There has been effective digitalisation of the process, but the underlying steps and formats would be recognisable to scientists and researchers from the past.

As Jason Priem and Bradley Hemminger argued a decade ago, the present system combines the registration of findings with the dissemination of associated conclusions, which has negative consequences for the research system. In addition, earlier approaches have not scaled with the research system, which is both larger and more complex in 2022. The time is ripe for some real innovation, which is why Research England is supporting the development of Octopus, launched today.

Cephalopod-cast?

Octopus is a platform to help split the dissemination of findings through journals, from the recording of research work for the benefit of researchers. It aims to be the primary research record for scientific work and, importantly, splits the process of research into eight separate classes of contribution. The eight contributions from which Octopus gets its name are:

  • research problems
  • hypotheses
  • methods and protocols
  • data and results
  • analyses
  • interpretations
  • implementation
  • peer reviews

Researchers can record any of these and claim credit for them.

Squids in

Octopus has the potential to solve some major challenges in the research system.

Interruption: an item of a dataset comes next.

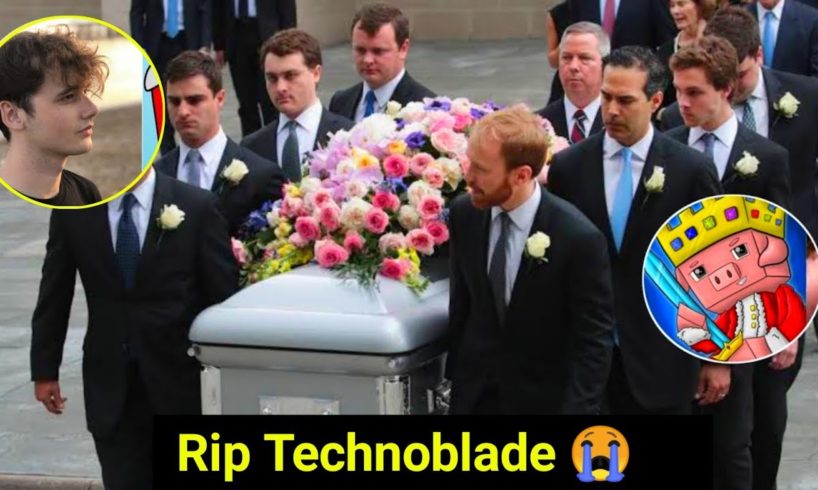 YouTuber technoblade passed away | technoblade death😭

It will improve access to research so that researchers can build on the work of others. It provides a platform where all research can be freely shared, reducing publication bias and making findings available to anyone who needs them. The intention is not to replace other forms of research dissemination but to make public the primary record for all to use and share.

Octopus will also improve the quality of research. The platform breaks the research process into component parts that can be published separately but appropriately linked together. The separation brings appropriate attention to the quality of all aspects of research, the process and the findings.

It allows specialists in, for example, experimental design or statistical analysis to contribute their expertise and receive appropriate recognition. And because all the components are visible, the platform allows robust external scrutiny. Researchers can review any part of the process, and those reviews are themselves available to read.

Arms around research culture

Furthermore Octopus has the potential to contribute to improving research cultures. It removes hierarchies in access to publication and allows all researchers, whatever their status or career stage, to contribute on an equal and transparent footing. The platform’s modular nature means that researchers can record their ideas or contribute to interpreting data gathered by others. Everyone’s contribution is clearly attributed, and its relationship to the research process is transparent.

At Research England, we are delighted to support the development of Octopus, working in partnership with the UK Reproducibility Network and Jisc. Although originated and developed in the UK, Octopus is a global platform aimed at transforming the recording of research. Following the launch of the platform, the biggest challenge will be to persuade researchers to use it. But the potential benefits certainly make that hard work worthwhile.

The invention of the scholarly journal 400 years ago marked a step-change in research communication. The launch of Octopus could mark the next major shift.